====== ENTRIES PROVIDED ======

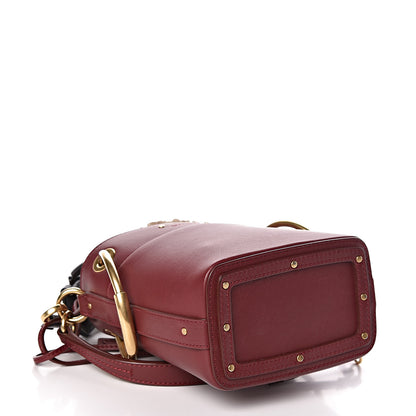 Chloe Smooth Calfskin Mini Roy Bucket Bag Plum Purple 4 of 10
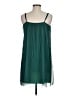 Fossil 100% Polyester Chevron-herringbone Green Cocktail Dress Size M - photo 2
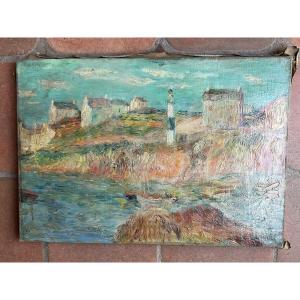 Vivre Côte Bretonne Oil On Canvas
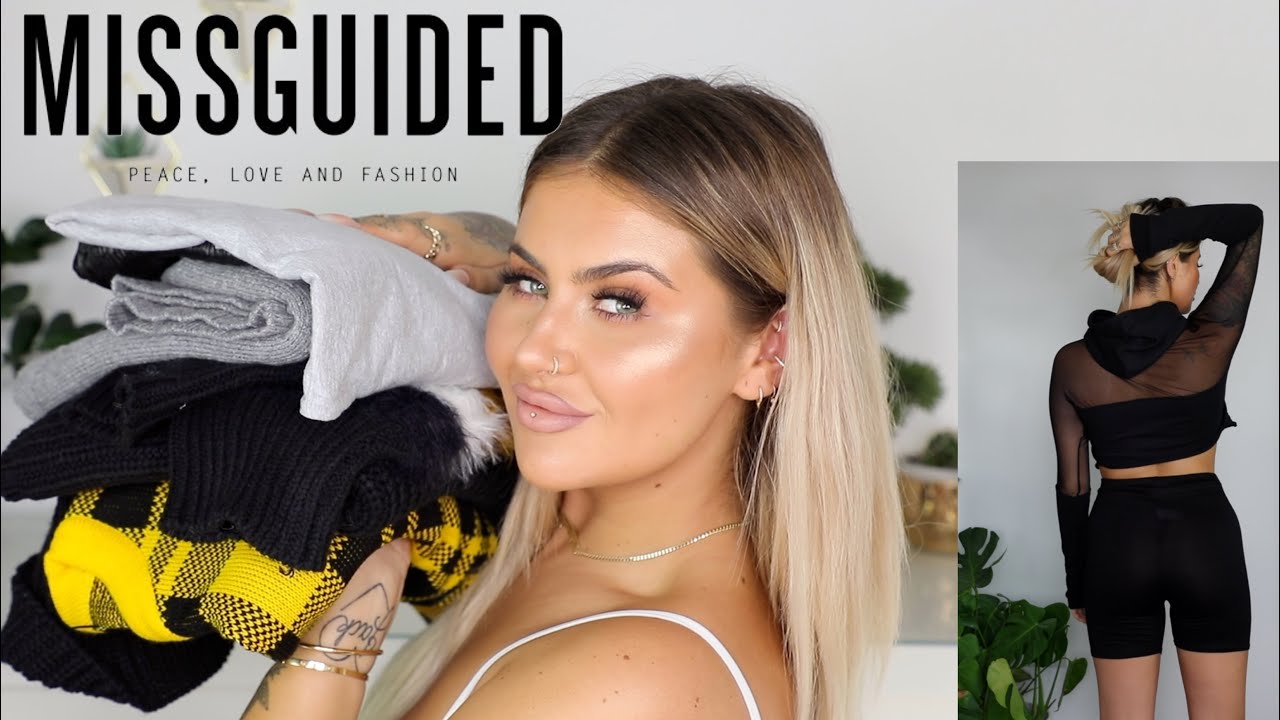 MISSGUIDED TRY ON CLOTHING HAUL - AUTUMN 2018 ad | JAMIE GENEVIEVE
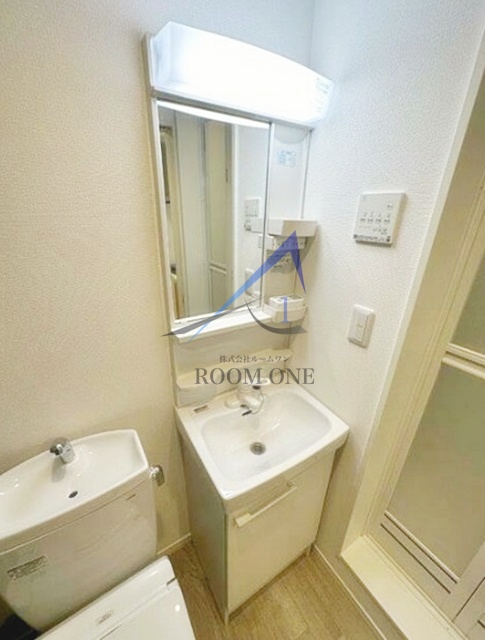 洗面設備　洗面台です。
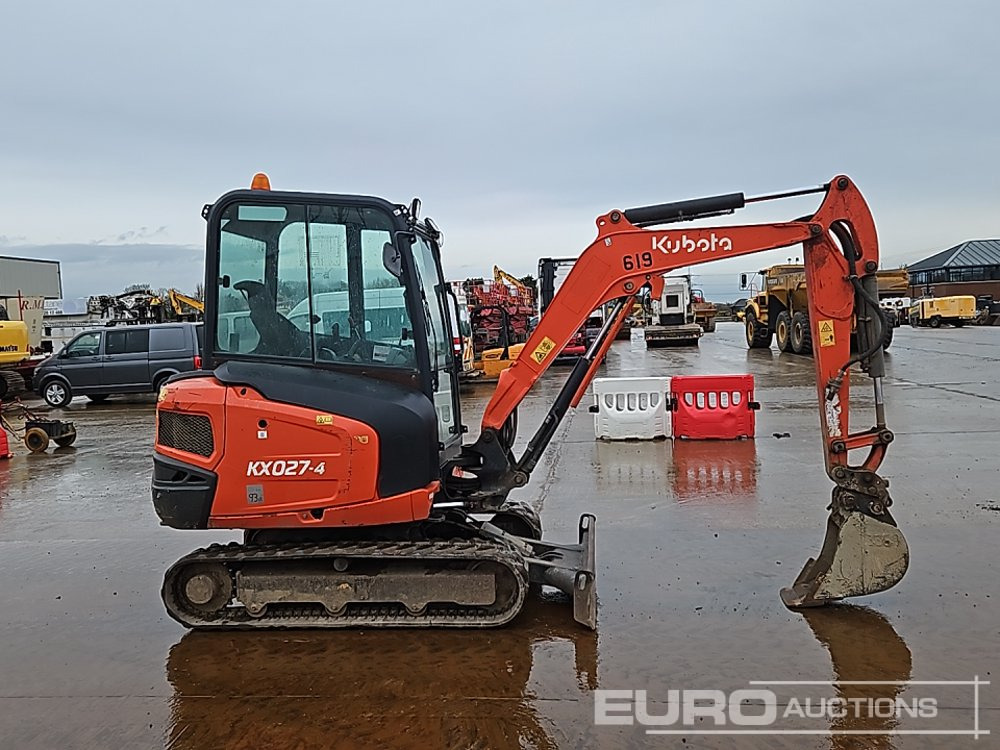Mini excavator 2019 Kubota KX027-4: Foto 6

======

ACTION ITEM:
Repeat the records above verbatim, with no pictures in the result.

ANSWER BOX:
 Chloe Smooth Calfskin Mini Roy Bucket Bag Plum Purple 4 of 10
 Fossil 100% Polyester Chevron-herringbone Green Cocktail Dress Size M - photo 2
 Vivre Côte Bretonne Oil On Canvas
 MISSGUIDED TRY ON CLOTHING HAUL - AUTUMN 2018 ad | JAMIE GENEVIEVE
 洗面設備　洗面台です。
Mini excavator 2019 Kubota KX027-4: Foto 6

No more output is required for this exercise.